We have a massively concurrent Elixir system at Whatnot. At any given moment, our Elixir-based Live Service will be running auctions, accepting bids, routing chat messages, connecting users via DMs, and processing payments for their awesome new merchandise.

A couple months ago, we did not have a massively concurrent test suite to match. All our tests executed one-by-one, and as we added new features with their corresponding test cases, we found that the time it took for the whole suite to complete started reaching the psychological breaking point, where we’d want to give up and say: “I’m just going to push the code to have tests run in CI, I have other things to do ASAP”.

It was a very unsatisfying position, especially since we really like testing and feel that a good suite of large tests (a.k.a black-box, end-to-end, acceptance) does a wonderful job of documenting functionality and guarding against regressions. Our large test suite does not in any way modify the internals of the system. It only uses the public APIs of the service, as a client would, to exercise the user-facing functionality that we provide.

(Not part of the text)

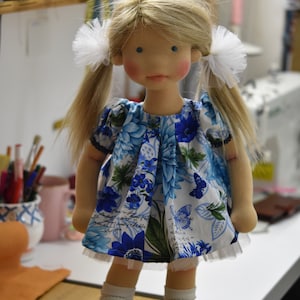 PDF sewing pattern and tutorial for vintage-style doll dress with puff sleeves and floral embroidered collar. Fits 18-20 inch Waldorf dolls. Elegant and classic look.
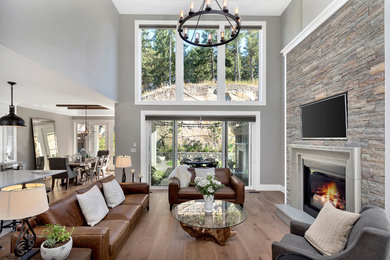 Example of a large transitional open concept medium tone wood floor and brown floor living room design in Other with gray walls, a standard fireplace and a wall-mounted tv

When the Live Service is operating under nominal conditions, there is a variety of activities going on at the same time, so why should we settle for exercising features sequentially during local test runs? Let’s have our test suite execute on a system that’s running just like in production, with multiple livestreams going on at once, multiple auctions taking place, and chat messages flying all around! That’s what Elixir does best, isn’t it?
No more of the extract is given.